[Your objective]: Note on the material below: return exactly the lines from the line that holds "Springbrook Full Day" through the line that holds "Best Pet Supplies", and leave out each picture.

[Entries provided]:
·····

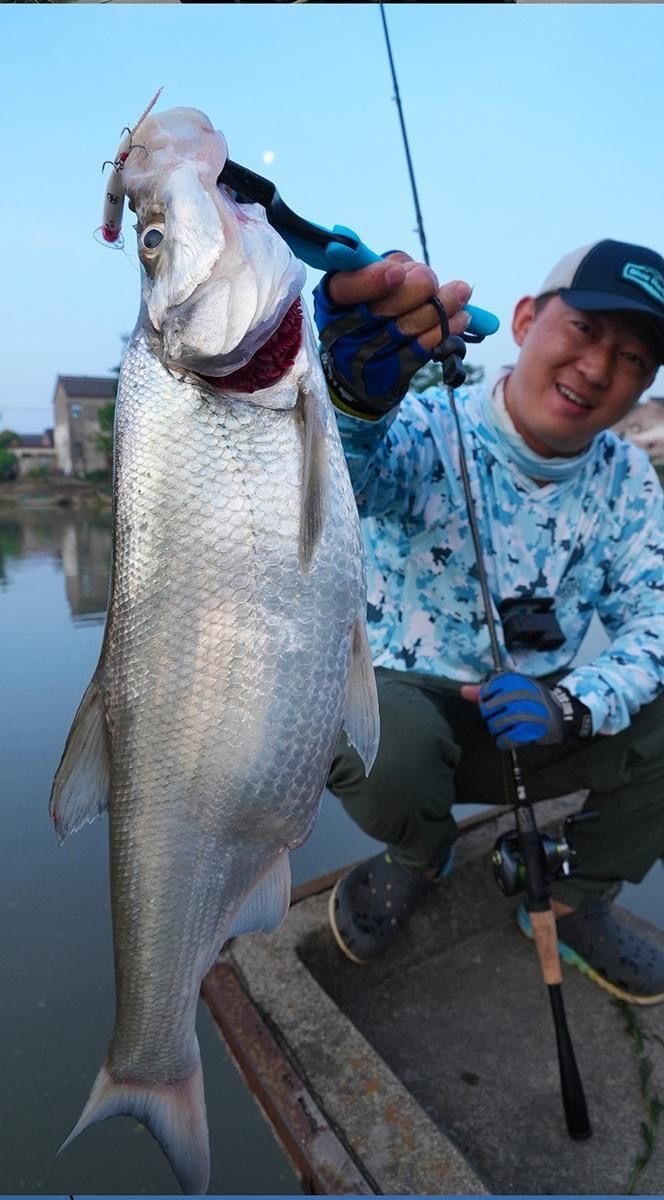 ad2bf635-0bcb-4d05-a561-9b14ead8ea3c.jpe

·····

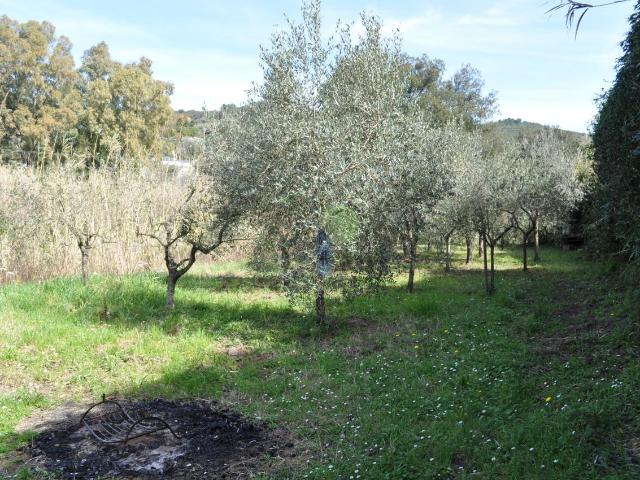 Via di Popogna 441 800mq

·····

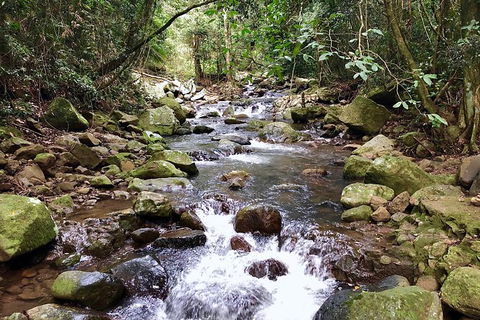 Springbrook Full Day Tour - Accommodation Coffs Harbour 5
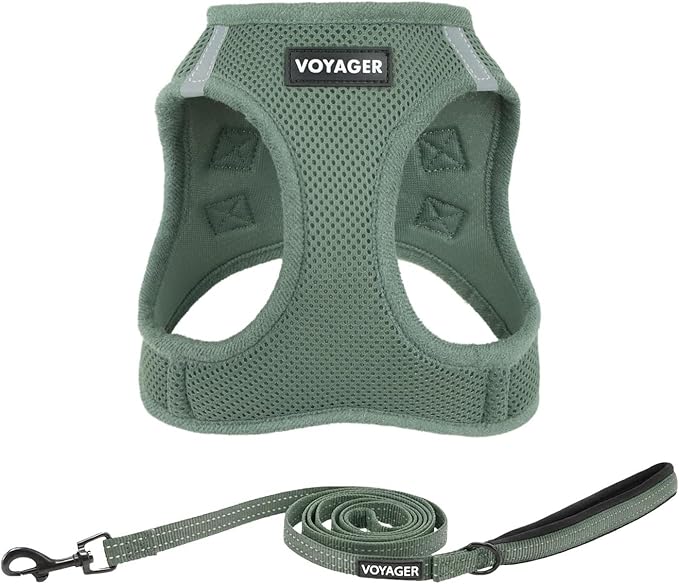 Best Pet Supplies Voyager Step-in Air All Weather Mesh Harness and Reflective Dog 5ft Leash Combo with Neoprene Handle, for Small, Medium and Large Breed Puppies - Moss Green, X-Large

·····

[Task answer]:
 Springbrook Full Day Tour - Accommodation Coffs Harbour 5
 Best Pet Supplies Voyager Step-in Air All Weather Mesh Harness and Reflective Dog 5ft Leash Combo with Neoprene Handle, for Small, Medium and Large Breed Puppies - Moss Green, X-Large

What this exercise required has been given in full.